§ TASK OBJECTIVE
Restate the listing below word for word. No picture belongs in the result.

§ SUPPLIED DATA
=== Section Start ===

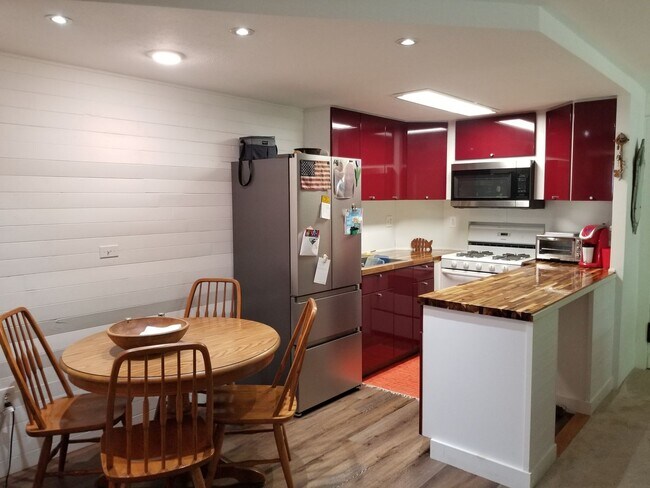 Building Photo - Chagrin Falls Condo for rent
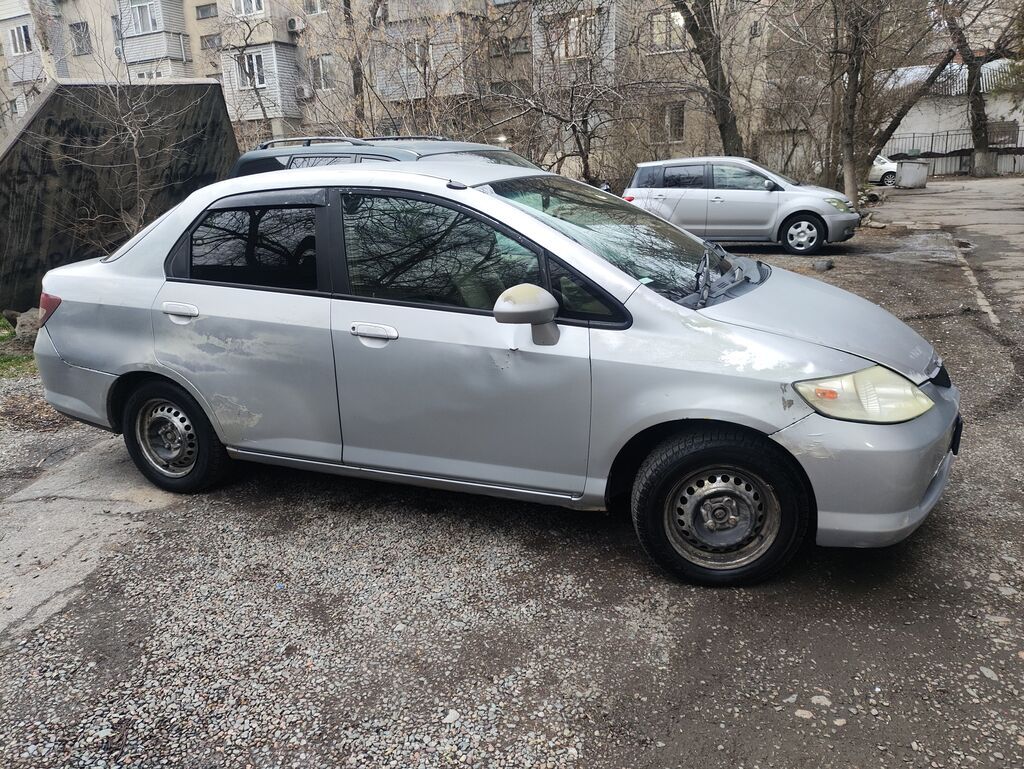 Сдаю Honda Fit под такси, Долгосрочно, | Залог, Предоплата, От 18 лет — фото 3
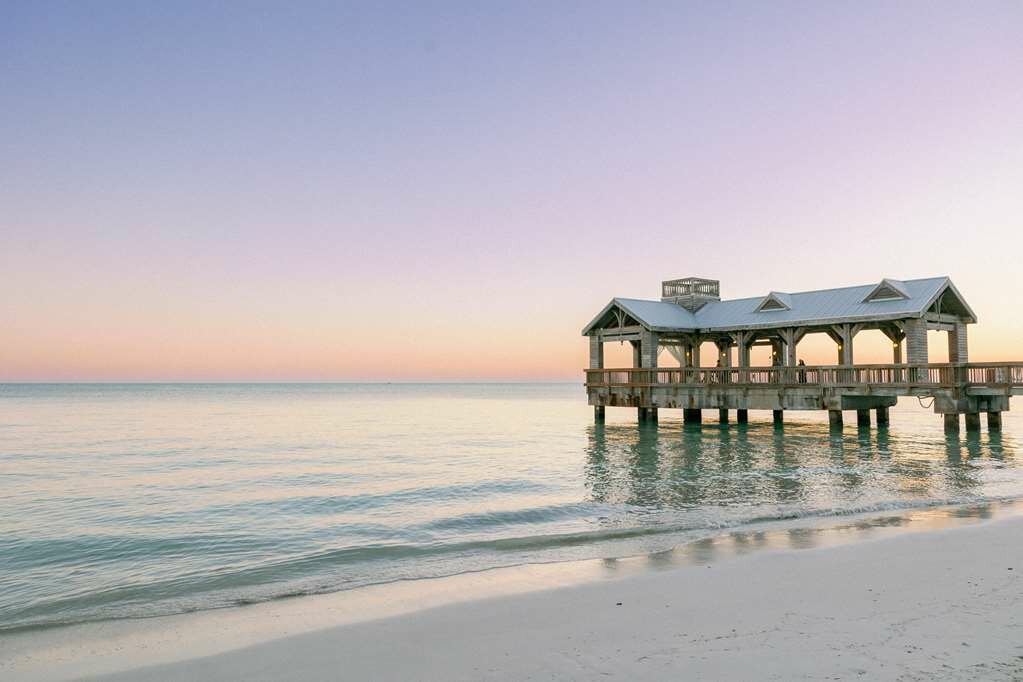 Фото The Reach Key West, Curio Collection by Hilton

=== Section End ===

§ EXPECTED OUTPUT
 Building Photo - Chagrin Falls Condo for rent
 Сдаю Honda Fit под такси, Долгосрочно, | Залог, Предоплата, От 18 лет — фото 3
 Фото The Reach Key West, Curio Collection by Hilton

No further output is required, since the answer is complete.